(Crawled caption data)
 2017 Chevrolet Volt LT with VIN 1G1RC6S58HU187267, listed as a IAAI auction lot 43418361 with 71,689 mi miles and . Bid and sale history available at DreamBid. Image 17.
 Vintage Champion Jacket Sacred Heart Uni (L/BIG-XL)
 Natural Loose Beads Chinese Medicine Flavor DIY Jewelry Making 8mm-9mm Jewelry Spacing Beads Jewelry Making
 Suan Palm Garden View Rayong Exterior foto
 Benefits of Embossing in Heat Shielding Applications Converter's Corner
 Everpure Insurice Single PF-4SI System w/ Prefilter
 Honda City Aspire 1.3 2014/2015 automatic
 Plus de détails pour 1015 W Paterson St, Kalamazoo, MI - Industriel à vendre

--

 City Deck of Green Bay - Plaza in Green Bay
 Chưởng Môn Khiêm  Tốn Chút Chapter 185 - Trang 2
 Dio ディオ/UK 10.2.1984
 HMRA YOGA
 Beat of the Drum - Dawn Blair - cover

▸ Action item
Look above for the line with "Vintage Champion Jacket" and the line with "Plus de détails". Retype those two lines and every line between them exactly, adding nothing.

▸ Response
 Vintage Champion Jacket Sacred Heart Uni (L/BIG-XL)
 Natural Loose Beads Chinese Medicine Flavor DIY Jewelry Making 8mm-9mm Jewelry Spacing Beads Jewelry Making
 Suan Palm Garden View Rayong Exterior foto
 Benefits of Embossing in Heat Shielding Applications Converter's Corner
 Everpure Insurice Single PF-4SI System w/ Prefilter
 Honda City Aspire 1.3 2014/2015 automatic
 Plus de détails pour 1015 W Paterson St, Kalamazoo, MI - Industriel à vendre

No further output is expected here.